In the Chicago Tribune yesterday, Monica Eng described her experience witnessing the slaughter of a (fresh, organic) pig, cow, chicken, fish, and crab. Her instinct was right—our distance from the source of the meat we consume does affect our lives—but she misinterpreted its import. Gruesome details mostly filled the piece, like:
Whitey is hoisted into the air with his heart still beating. His carotid artery and jugular are severed by hand and he dies of blood loss over a barrel. The steer is then processed by strong, skilled men who wield knives like artists, efficiently removing head, skin and organs before the carcass moves into the cooler.

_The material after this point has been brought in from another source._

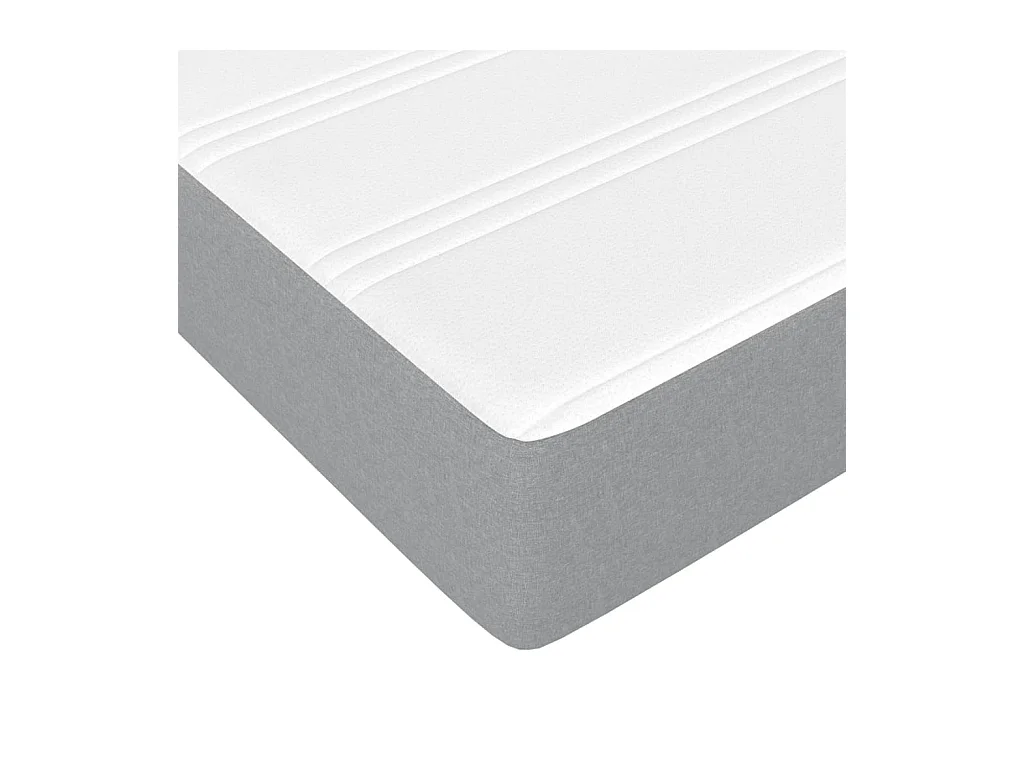 Lit avec matelas cire marron 100x200 cm bois massif de pin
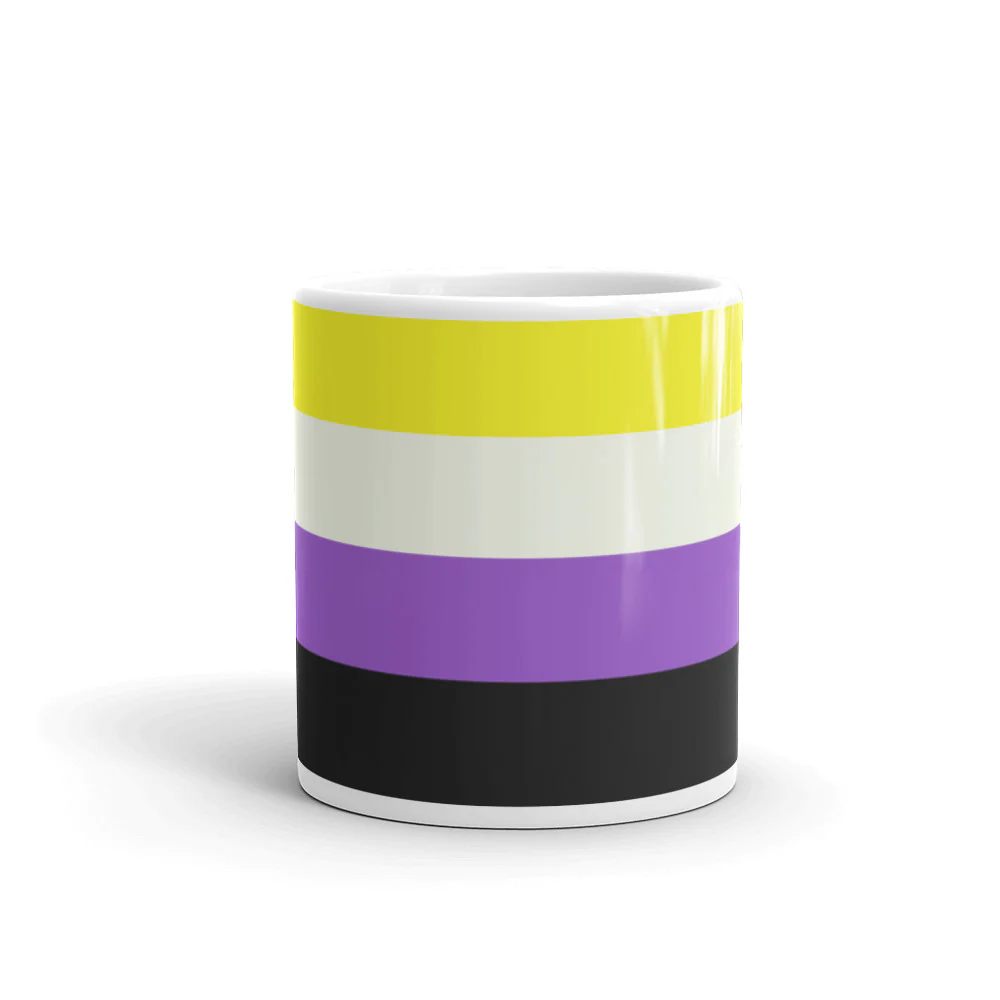 Non Binary Flag Mug - Image 3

This is vivid but irrelevant: Being horrified by animal slaughter is the luxury of distance, not the problem itself. The real problem with the distance between the cow and the perfectly uniform ground beef we pick up in the meat aisle is our inability to oversee the steps in between. The vast majority of cattle are force-fed corn (a byproduct of corn subsidies), which, as natural grass eaters, leaves them susceptible to E. coli and other bacteria. Farmers have to inject their herds with steady doses of antibiotics to keep them healthy as a result. Ranchers pack cattle in feedlots, sloshing in their own excrement. The resulting meat is fattier.
We have labels that should help, such as “organic” and “grass-fed,” but the boon in profit these words signify has leeched their meaning: “In the case of beef, ‘organic’ can mean ‘raised in confinement and given organic corn,’” Corby Kummer writes in The Atlantic. And “some meat producers use ‘grass-fed’ to describe animals that are raised in pens on industrial feed, including corn, and finished on rations of grass in feedlots far from home.” A thoughtful meat eater doesn’t have to watch the blood pour out of Whitey’s neck to make eating beef “okay.” But she does have to examine with a sharp eye where Whitey is coming from and how, and distance obscures that process.